__Assignment__. The lines to print run from the top of the material below to the line with "We're going to", inclusive; please copy them exactly, without pictures.

__Source material__.
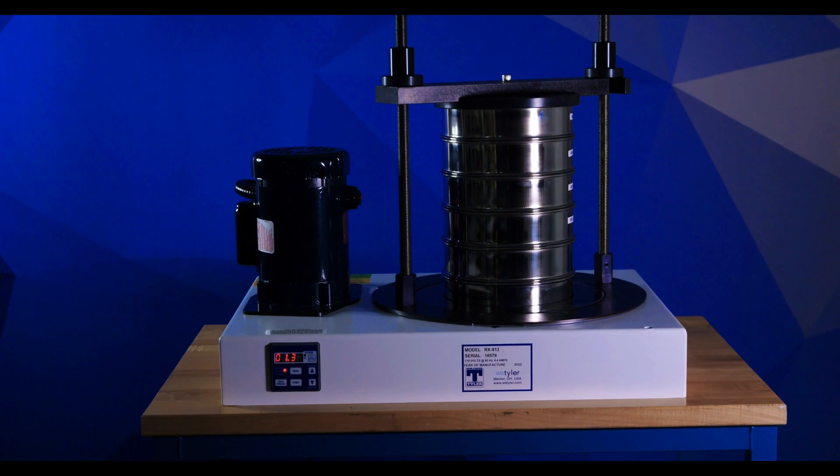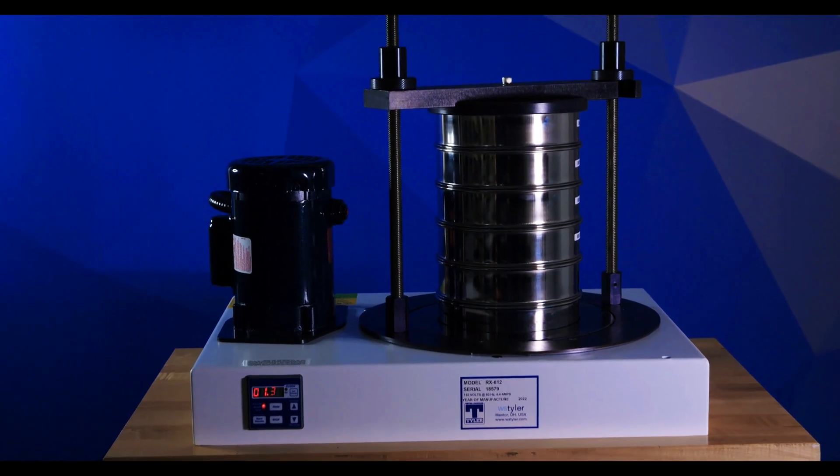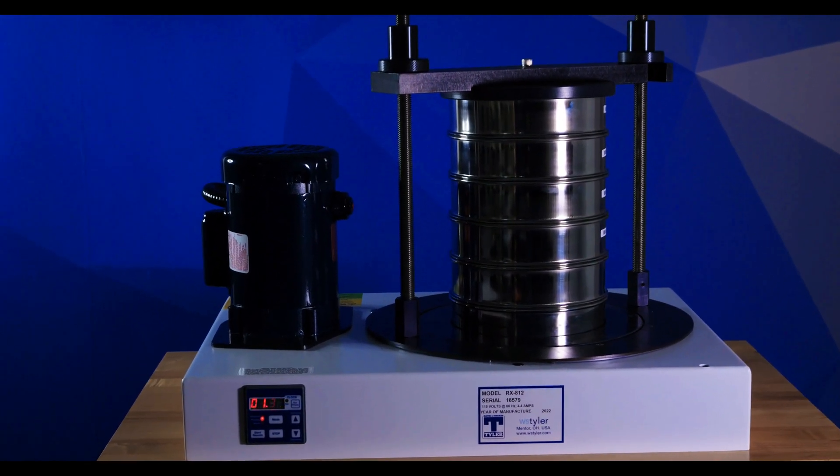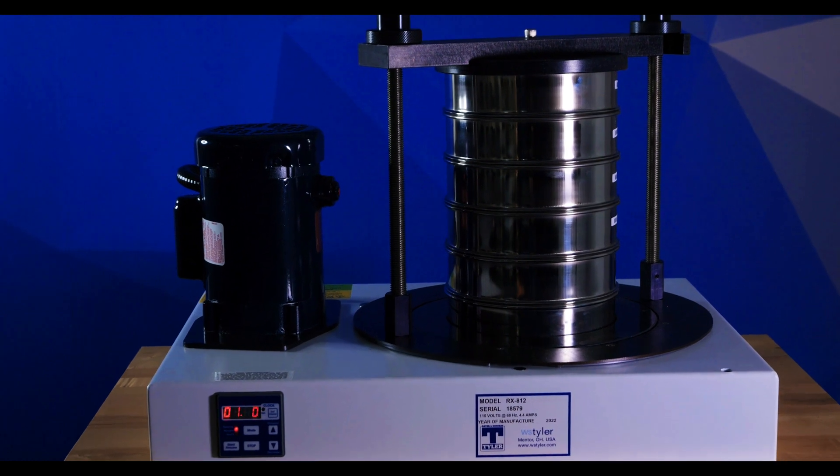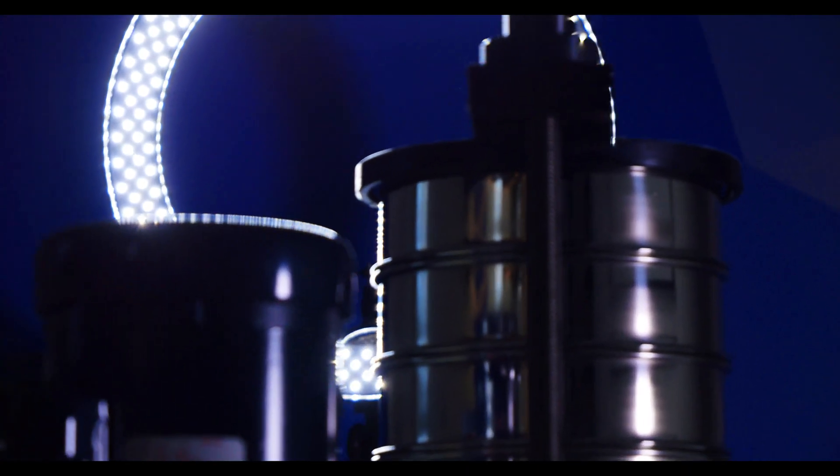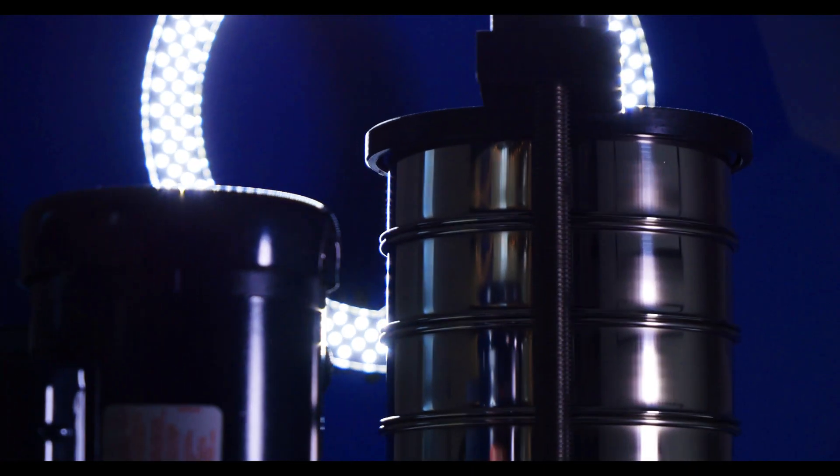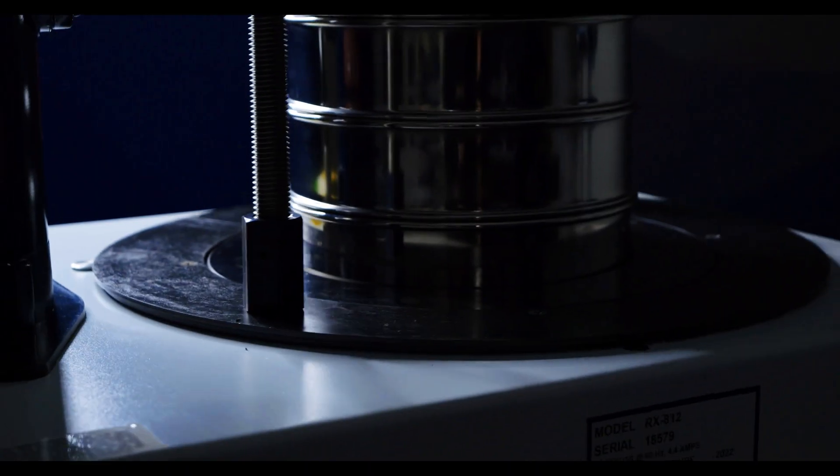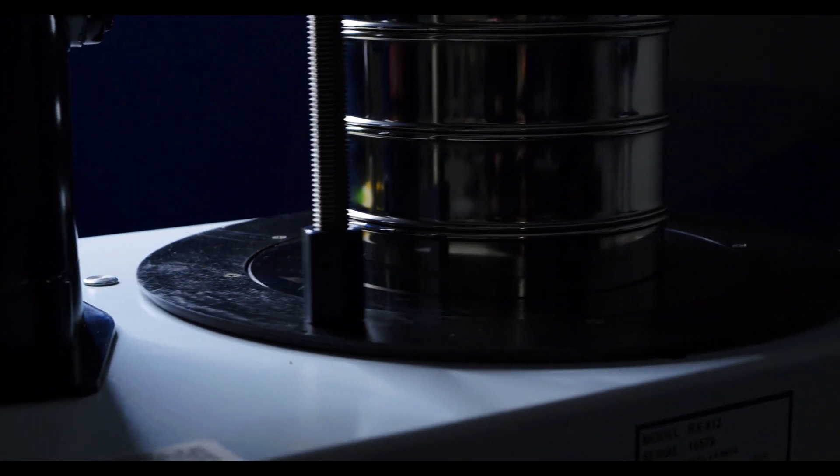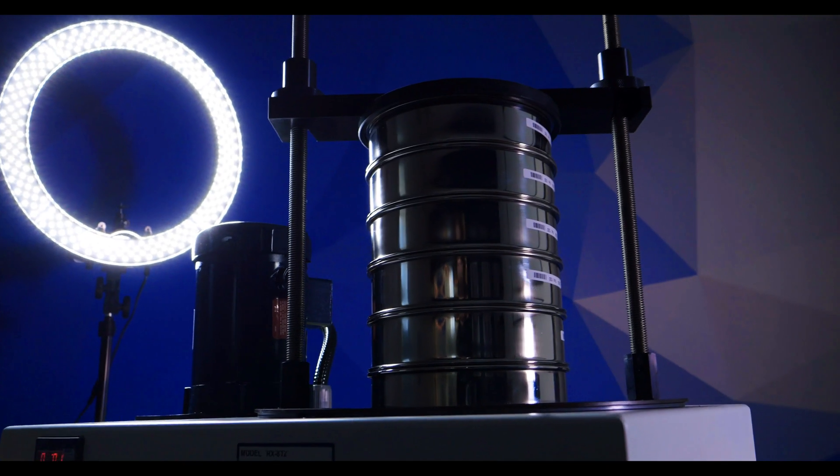The W.S. Tyler ROTAP RX-812 is a straightforward sieve shaker that relies on a singular mechanical orbital motion. This entails the sieve stack rotating in a circular motion without the brute force tapping that occurs with other ROTAP mechanical sieve shakers.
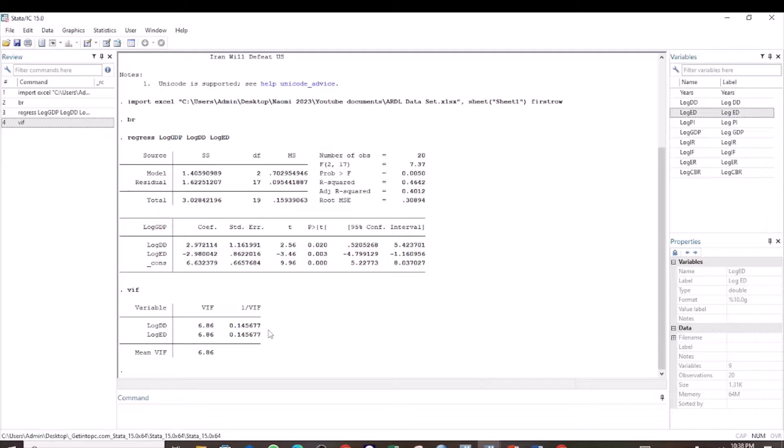That is how we test for multicollinearity using the VIF, or variance inflation factor test.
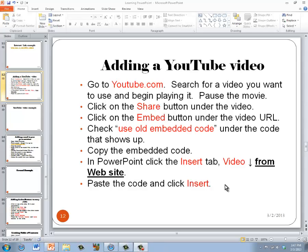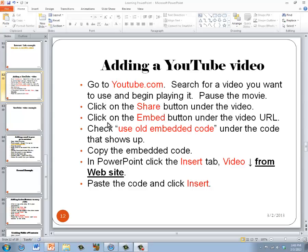We're going to be adding and embedding a video from YouTube into our PowerPoint presentation. The first thing we need to do is go to YouTube, find the video, and then pause it. I'll walk you through the rest of the steps in YouTube.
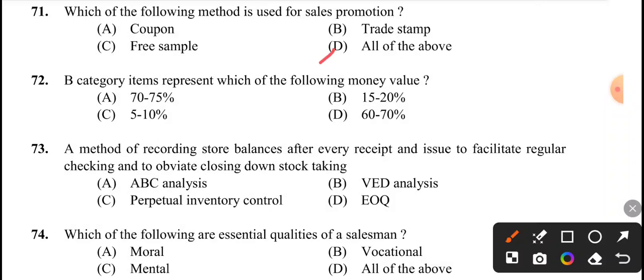Next question: B category items represent which of the following money value? The answer is option B, 15 to 20 percentage.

__Answer for the task__.
The W.S. Tyler ROTAP RX-812 is a straightforward sieve shaker that relies on a singular mechanical orbital motion. This entails the sieve stack rotating in a circular motion without the brute force tapping that occurs with other ROTAP mechanical sieve shakers.
That is how we test for multicollinearity using the VIF, or variance inflation factor test.
We're going to be adding and embedding a video from YouTube into our PowerPoint presentation. The first thing we need to do is go to YouTube, find the video, and then pause it. I'll walk you through the rest of the steps in YouTube.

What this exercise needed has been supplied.